Innovation: desired and feared in equal measure by senior executives in businesses round the globe. On the one hand, the school of ‘innovate or die’ – typical in fast moving consumer goods or high tech environments – the mindset, the belief, that ‘you’re only as good as your last success’. Such is the level of competition amongst companies, many live in fear that if they don’t innovate, if they don’t slice the salami of consumer needs and understand deeper, more penetrating insights about the countless ways we live our lives, then their business will be in mortal danger. Famously, the 3M Corporation, notable for inventing Post-It notes¹ tasked itself with ‘The 30% Challenge’ – generating 30% of worldwide sales from products launched in the last 4 years. That’s worth a brief pause to consider. 30% of worldwide sales from products less than 4 years old. I haven’t worked there. I don’t know if it’s a goal that is regularly achieved (but I believe they still use it as a corporate objective), but let me tell you: that is, to quote Jim Collins², a ‘big, hairy, audacious goal’. Glance through the business pages on a weekly basis; read the Annual Reports – for most businesses, ‘innovation’ and ‘lifeblood’ are symbiotically linked.
Yet on the other hand, there’s the rather unfashionable, whisper-it-lest-you-are-heard, view. That innovation isn’t essential. It’s a school of thought I’m increasingly persuaded by – particularly when it comes to beer.
Let’s interrogate this a little more. Start with consumers, drinkers, customer – call your fellow human beings what you will. People who buy stuff. In the last couple of years, I’ve done research across a dozen, more, different categories of product – bread, beer, wine, spirits, coffee, tea, paper products, banking, pizzas, weight loss, soft drinks, hotels, restaurants – you name it. Here’s the thing – the linking thread. In 90% cases, the people working in the business are convinced that they must have new. Innovation in product, in service, in experience, in something. But in every case, every case, consumers don’t see the need. The reaction by the client is never, therefore, to walk away and spend their time and money on something else, but rather to find a need. The hunt for insights commences, driving motivations behind why we do what we do, and why we spend. And inevitably, it’s ‘slicing the salami’ – the supposed need is ever so thin, ever so see-through, ever so…false. And of course, it’s perpetuated by consultancies and agencies – walk away from food on the table? Best not.
But of course, we do want new. We say we don’t, but we behave ‘we do’. We love our iPads and Galaxies; we like our Tivo boxes, we like folding bikes, naïve smoothies and gooey puds. Heck, we even seem to like Irish & Belgian ciders.
Beer hats on sale now. Go on, you know you want one.
And what struck me about beer is the difference between what the brewers (typically the big boys) ‘say’, and how the brewers (typically the little boys) ‘behave’. Because I don’t think beer needs innovation. By that I mean, I don’t think in the beer market consumers want innovation. As far as I can see beer isn’t broken.

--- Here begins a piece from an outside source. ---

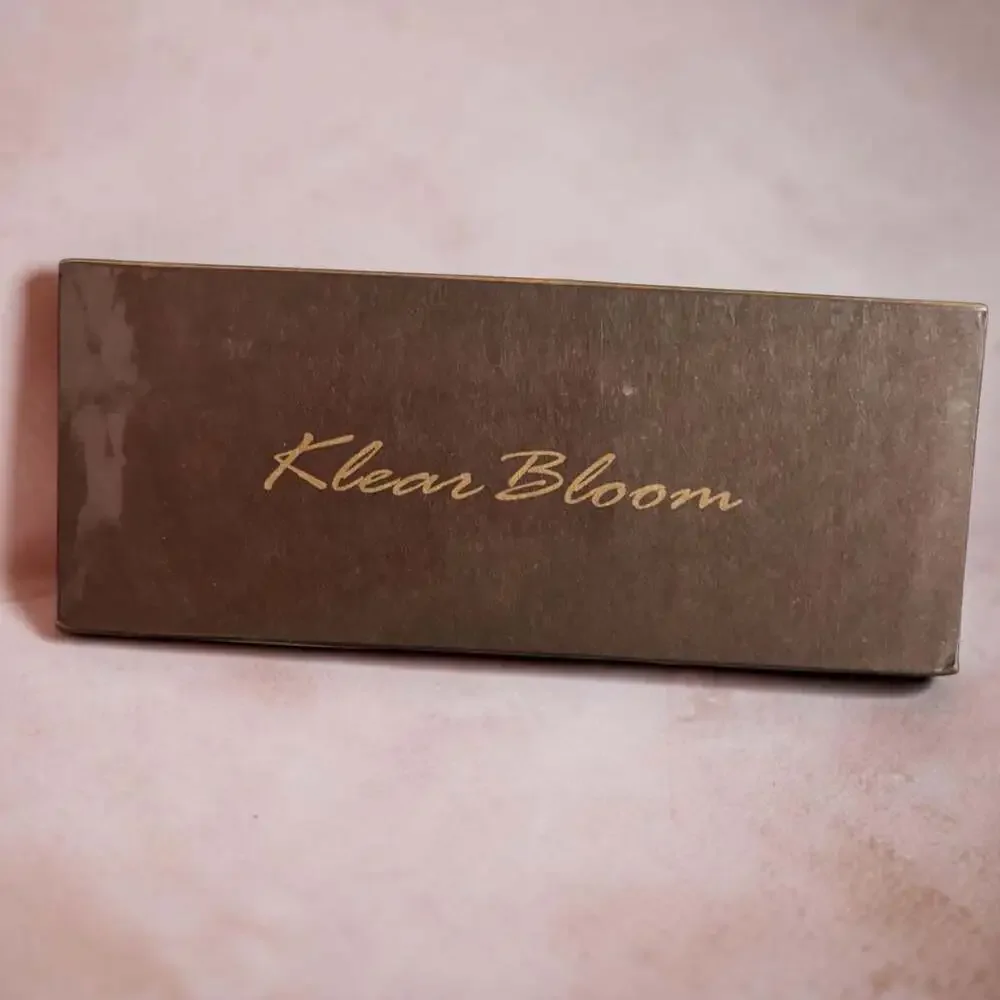 Klear Bloom Kojic Acid Turmeric Soap 2-Bar Set with Holder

What they do want is discovery (or re discovery) of new flavours, styles, places; authenticity; connectedness to memories or good times. On reflection, it seems no surprise that what links successes in the western markets is a perception of smallness. The two decade explosion of North American craft beer; the rising tide of cask beer revolution in the UK from over 1000 small brewers again (cask is now back in growth in the UK); the craft movement in Australia and New Zealand; speciality brands in France, the Low Countries, Scandinavia, Italy. And by the way – this doesn’t mean the big players are not involved – Molson in Canada owns, and has left alone both Creemore Springs and Granville Island; ABI owns stake in a number of US craft businesses – but rather it’s a ‘skunkworks’ approach outside big business that is the success formula: have idea – try in market – refine – build. It’s an attitude about understanding what the drinker wants through, well, going out drinking, rather than relying on large amounts of market analysis and research that has the higher strike rate. From someone who works in innovation and research it’s an uncomfortable thing to admit; but on the other, there’s something exciting about understanding intuition, about seeing beers that were clearly hunches be successful. Now that would be worth understanding.
¹By the way, have you seen the price of Post-Its nowadays? Pant-wettingly expensive.